Def.’s Ex. No. 1, p. 3. HSBC has been Choice’s successor and assignee since 2005. For these reasons, I find HSBC is a proper party in interest authorized to assert a secured claim.
In addition, I find Ms. St. Claire-Hougham’s testimony to be credible regarding the outstanding debt. Debtor’s counsel complains that insufficient documentation is attached to the proof of claim. If a creditor failed to attach sufficient evidence to the proof of claim to establish the validity of its claim, the burden remains with the creditor to establish the validity and amount of its claim. In re Bareford, Chap. 13 Case No. 09-61072, slip op. -(Bankr.S.D.Ga. August 3, 2010). In support of HSBC’s claim, Ms. St. Claire-Hougham provided credible testimony of the debt and the loan history. Def.’s Ex. Nos. 9 and 12. Debtor failed to appear at the hearing to counter this testimony. Based upon Ms. St. Clair-Hougham’s testimony, I find HSBC has presented sufficient evidence to establish its claim.

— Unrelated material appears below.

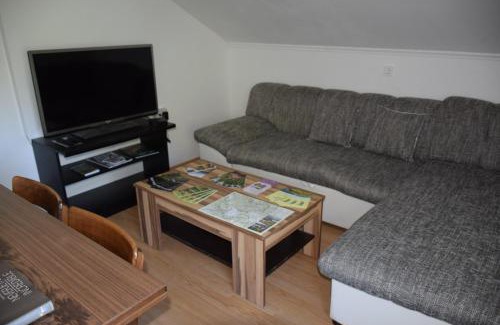 Cerknica Apartment | Apartma narava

Finally, based upon these findings, I find HSBC is entitled to relief from the automatic stay. Debtor failed to appear at the hearing. Debtor does not reside at the property so it is not necessary for her reorganization. Debtor’s schedules reflect there is no equity in the property and counsel concedes there is no equity. For these reasons, I find HSBC is entitled to relief from the automatic stay pursuant to 11 U.S.C. § 362(d).6
*883For these reasons, and the reasons set forth on the record at the hearing, Debt- or’s request for declaratory judgment, in-junctive and equitable relief, including actual and punitive damages, is ORDERED DENIED. It is further order that HSBC’s request for relief from the automatic stay is GRANTED with HSBC’s claim numbers 2.0 and 2.1 stricken.7 It is furthermore ORDERED that the stay of Bankruptcy Rule 4001(a)(3) shall not apply to the relief from the automatic stay.